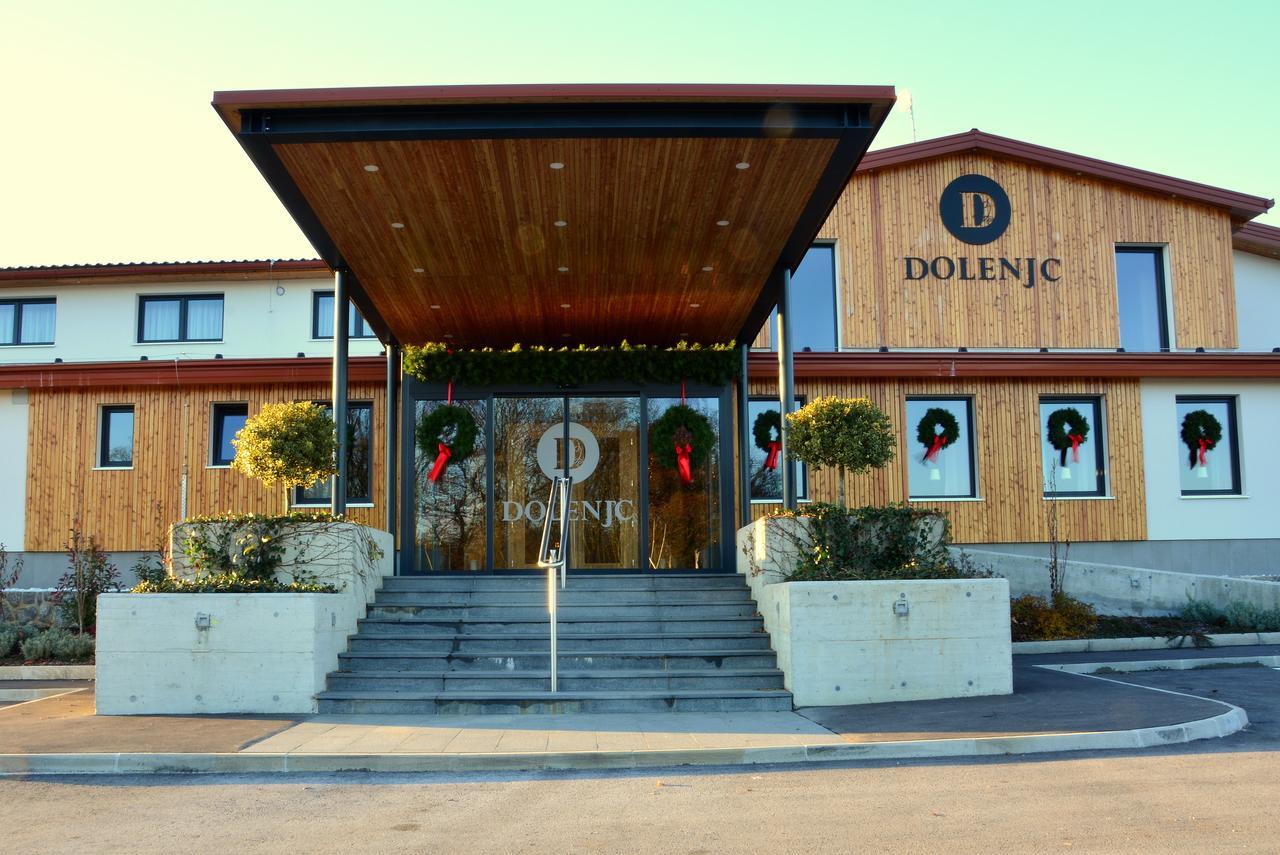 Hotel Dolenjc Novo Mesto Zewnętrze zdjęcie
□ □ □ □
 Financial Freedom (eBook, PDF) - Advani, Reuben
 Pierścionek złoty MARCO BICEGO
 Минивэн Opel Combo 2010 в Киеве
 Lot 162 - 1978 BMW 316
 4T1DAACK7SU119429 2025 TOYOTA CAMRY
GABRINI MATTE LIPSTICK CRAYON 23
□ □ □ □
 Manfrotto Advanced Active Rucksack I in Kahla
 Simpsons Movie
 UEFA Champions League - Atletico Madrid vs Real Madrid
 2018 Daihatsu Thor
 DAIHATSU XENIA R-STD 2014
□ □ □ □
- [Required action]
Each line in the listing above from the one containing "Financial Freedom (eBook, PDF)" through the one containing "GABRINI MATTE LIPSTICK CRAYON 23" should be repeated exactly, and no other line.

- [Exercise output]
 Financial Freedom (eBook, PDF) - Advani, Reuben
 Pierścionek złoty MARCO BICEGO
 Минивэн Opel Combo 2010 в Киеве
 Lot 162 - 1978 BMW 316
 4T1DAACK7SU119429 2025 TOYOTA CAMRY
GABRINI MATTE LIPSTICK CRAYON 23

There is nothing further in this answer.